(EXERCISE AIM) Copy out all the entries exactly.
=== DATA LISTING ===
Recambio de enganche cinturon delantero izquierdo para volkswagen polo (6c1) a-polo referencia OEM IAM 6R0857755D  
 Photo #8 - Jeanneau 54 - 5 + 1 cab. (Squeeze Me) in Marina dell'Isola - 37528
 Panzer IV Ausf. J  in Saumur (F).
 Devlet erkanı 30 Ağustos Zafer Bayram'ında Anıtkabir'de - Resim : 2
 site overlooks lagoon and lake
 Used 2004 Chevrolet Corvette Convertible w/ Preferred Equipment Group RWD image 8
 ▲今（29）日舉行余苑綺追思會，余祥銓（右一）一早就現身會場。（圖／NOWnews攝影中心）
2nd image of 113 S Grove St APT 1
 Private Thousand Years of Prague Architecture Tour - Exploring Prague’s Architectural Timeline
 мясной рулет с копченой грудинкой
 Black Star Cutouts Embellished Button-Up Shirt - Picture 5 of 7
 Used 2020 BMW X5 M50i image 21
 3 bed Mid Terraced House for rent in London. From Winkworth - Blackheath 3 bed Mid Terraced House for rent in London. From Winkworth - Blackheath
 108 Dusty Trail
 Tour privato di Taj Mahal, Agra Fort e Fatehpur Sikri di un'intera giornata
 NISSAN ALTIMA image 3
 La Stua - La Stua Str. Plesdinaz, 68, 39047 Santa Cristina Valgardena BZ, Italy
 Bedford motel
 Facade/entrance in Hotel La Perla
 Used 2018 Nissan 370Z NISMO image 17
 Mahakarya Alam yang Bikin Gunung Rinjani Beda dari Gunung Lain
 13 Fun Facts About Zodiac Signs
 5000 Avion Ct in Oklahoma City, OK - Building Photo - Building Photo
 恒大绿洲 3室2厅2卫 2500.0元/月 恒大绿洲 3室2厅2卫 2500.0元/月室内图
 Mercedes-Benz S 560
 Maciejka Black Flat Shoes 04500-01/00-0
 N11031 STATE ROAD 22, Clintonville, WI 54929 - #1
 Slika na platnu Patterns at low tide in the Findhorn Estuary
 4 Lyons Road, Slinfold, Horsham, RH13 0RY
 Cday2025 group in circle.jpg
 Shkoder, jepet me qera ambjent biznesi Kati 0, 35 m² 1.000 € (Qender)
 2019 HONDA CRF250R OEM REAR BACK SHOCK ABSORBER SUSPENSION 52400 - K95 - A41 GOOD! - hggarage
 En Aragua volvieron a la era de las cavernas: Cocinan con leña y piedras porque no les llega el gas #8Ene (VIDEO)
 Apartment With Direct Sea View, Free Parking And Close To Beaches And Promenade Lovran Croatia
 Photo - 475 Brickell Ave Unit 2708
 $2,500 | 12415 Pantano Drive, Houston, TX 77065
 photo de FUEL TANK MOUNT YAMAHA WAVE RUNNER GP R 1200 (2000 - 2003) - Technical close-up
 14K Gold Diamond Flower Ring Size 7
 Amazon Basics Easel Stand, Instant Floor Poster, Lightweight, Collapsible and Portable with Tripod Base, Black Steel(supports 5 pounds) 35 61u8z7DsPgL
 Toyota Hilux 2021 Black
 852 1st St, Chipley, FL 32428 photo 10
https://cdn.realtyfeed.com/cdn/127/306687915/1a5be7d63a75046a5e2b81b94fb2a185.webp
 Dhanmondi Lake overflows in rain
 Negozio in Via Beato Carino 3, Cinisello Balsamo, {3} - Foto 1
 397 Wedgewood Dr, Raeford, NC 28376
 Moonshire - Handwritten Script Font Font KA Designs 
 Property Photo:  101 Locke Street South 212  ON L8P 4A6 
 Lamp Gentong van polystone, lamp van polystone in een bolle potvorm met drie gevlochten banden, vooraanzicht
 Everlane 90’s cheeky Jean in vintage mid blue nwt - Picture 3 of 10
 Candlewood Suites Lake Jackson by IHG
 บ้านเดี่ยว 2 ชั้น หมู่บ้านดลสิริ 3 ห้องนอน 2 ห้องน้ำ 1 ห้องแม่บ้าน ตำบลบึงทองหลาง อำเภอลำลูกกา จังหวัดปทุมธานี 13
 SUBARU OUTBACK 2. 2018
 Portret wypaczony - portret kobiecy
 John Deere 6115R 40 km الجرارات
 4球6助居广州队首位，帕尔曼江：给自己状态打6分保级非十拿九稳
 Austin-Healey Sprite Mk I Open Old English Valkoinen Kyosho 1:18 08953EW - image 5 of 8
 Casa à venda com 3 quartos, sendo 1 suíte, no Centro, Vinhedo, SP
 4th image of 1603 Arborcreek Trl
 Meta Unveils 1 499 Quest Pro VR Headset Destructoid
===
(REPLY TO THE EXERCISE)
Recambio de enganche cinturon delantero izquierdo para volkswagen polo (6c1) a-polo referencia OEM IAM 6R0857755D  
 Photo #8 - Jeanneau 54 - 5 + 1 cab. (Squeeze Me) in Marina dell'Isola - 37528
 Panzer IV Ausf. J  in Saumur (F).
 Devlet erkanı 30 Ağustos Zafer Bayram'ında Anıtkabir'de - Resim : 2
 site overlooks lagoon and lake
 Used 2004 Chevrolet Corvette Convertible w/ Preferred Equipment Group RWD image 8
 ▲今（29）日舉行余苑綺追思會，余祥銓（右一）一早就現身會場。（圖／NOWnews攝影中心）
2nd image of 113 S Grove St APT 1
 Private Thousand Years of Prague Architecture Tour - Exploring Prague’s Architectural Timeline
 мясной рулет с копченой грудинкой
 Black Star Cutouts Embellished Button-Up Shirt - Picture 5 of 7
 Used 2020 BMW X5 M50i image 21
 3 bed Mid Terraced House for rent in London. From Winkworth - Blackheath 3 bed Mid Terraced House for rent in London. From Winkworth - Blackheath
 108 Dusty Trail
 Tour privato di Taj Mahal, Agra Fort e Fatehpur Sikri di un'intera giornata
 NISSAN ALTIMA image 3
 La Stua - La Stua Str. Plesdinaz, 68, 39047 Santa Cristina Valgardena BZ, Italy
 Bedford motel
 Facade/entrance in Hotel La Perla
 Used 2018 Nissan 370Z NISMO image 17
 Mahakarya Alam yang Bikin Gunung Rinjani Beda dari Gunung Lain
 13 Fun Facts About Zodiac Signs
 5000 Avion Ct in Oklahoma City, OK - Building Photo - Building Photo
 恒大绿洲 3室2厅2卫 2500.0元/月 恒大绿洲 3室2厅2卫 2500.0元/月室内图
 Mercedes-Benz S 560
 Maciejka Black Flat Shoes 04500-01/00-0
 N11031 STATE ROAD 22, Clintonville, WI 54929 - #1
 Slika na platnu Patterns at low tide in the Findhorn Estuary
 4 Lyons Road, Slinfold, Horsham, RH13 0RY
 Cday2025 group in circle.jpg
 Shkoder, jepet me qera ambjent biznesi Kati 0, 35 m² 1.000 € (Qender)
 2019 HONDA CRF250R OEM REAR BACK SHOCK ABSORBER SUSPENSION 52400 - K95 - A41 GOOD! - hggarage
 En Aragua volvieron a la era de las cavernas: Cocinan con leña y piedras porque no les llega el gas #8Ene (VIDEO)
 Apartment With Direct Sea View, Free Parking And Close To Beaches And Promenade Lovran Croatia
 Photo - 475 Brickell Ave Unit 2708
 $2,500 | 12415 Pantano Drive, Houston, TX 77065
 photo de FUEL TANK MOUNT YAMAHA WAVE RUNNER GP R 1200 (2000 - 2003) - Technical close-up
 14K Gold Diamond Flower Ring Size 7
 Amazon Basics Easel Stand, Instant Floor Poster, Lightweight, Collapsible and Portable with Tripod Base, Black Steel(supports 5 pounds) 35 61u8z7DsPgL
 Toyota Hilux 2021 Black
 852 1st St, Chipley, FL 32428 photo 10
https://cdn.realtyfeed.com/cdn/127/306687915/1a5be7d63a75046a5e2b81b94fb2a185.webp
 Dhanmondi Lake overflows in rain
 Negozio in Via Beato Carino 3, Cinisello Balsamo, {3} - Foto 1
 397 Wedgewood Dr, Raeford, NC 28376
 Moonshire - Handwritten Script Font Font KA Designs 
 Property Photo:  101 Locke Street South 212  ON L8P 4A6 
 Lamp Gentong van polystone, lamp van polystone in een bolle potvorm met drie gevlochten banden, vooraanzicht
 Everlane 90’s cheeky Jean in vintage mid blue nwt - Picture 3 of 10
 Candlewood Suites Lake Jackson by IHG
 บ้านเดี่ยว 2 ชั้น หมู่บ้านดลสิริ 3 ห้องนอน 2 ห้องน้ำ 1 ห้องแม่บ้าน ตำบลบึงทองหลาง อำเภอลำลูกกา จังหวัดปทุมธานี 13
 SUBARU OUTBACK 2. 2018
 Portret wypaczony - portret kobiecy
 John Deere 6115R 40 km الجرارات
 4球6助居广州队首位，帕尔曼江：给自己状态打6分保级非十拿九稳
 Austin-Healey Sprite Mk I Open Old English Valkoinen Kyosho 1:18 08953EW - image 5 of 8
 Casa à venda com 3 quartos, sendo 1 suíte, no Centro, Vinhedo, SP
 4th image of 1603 Arborcreek Trl
 Meta Unveils 1 499 Quest Pro VR Headset Destructoid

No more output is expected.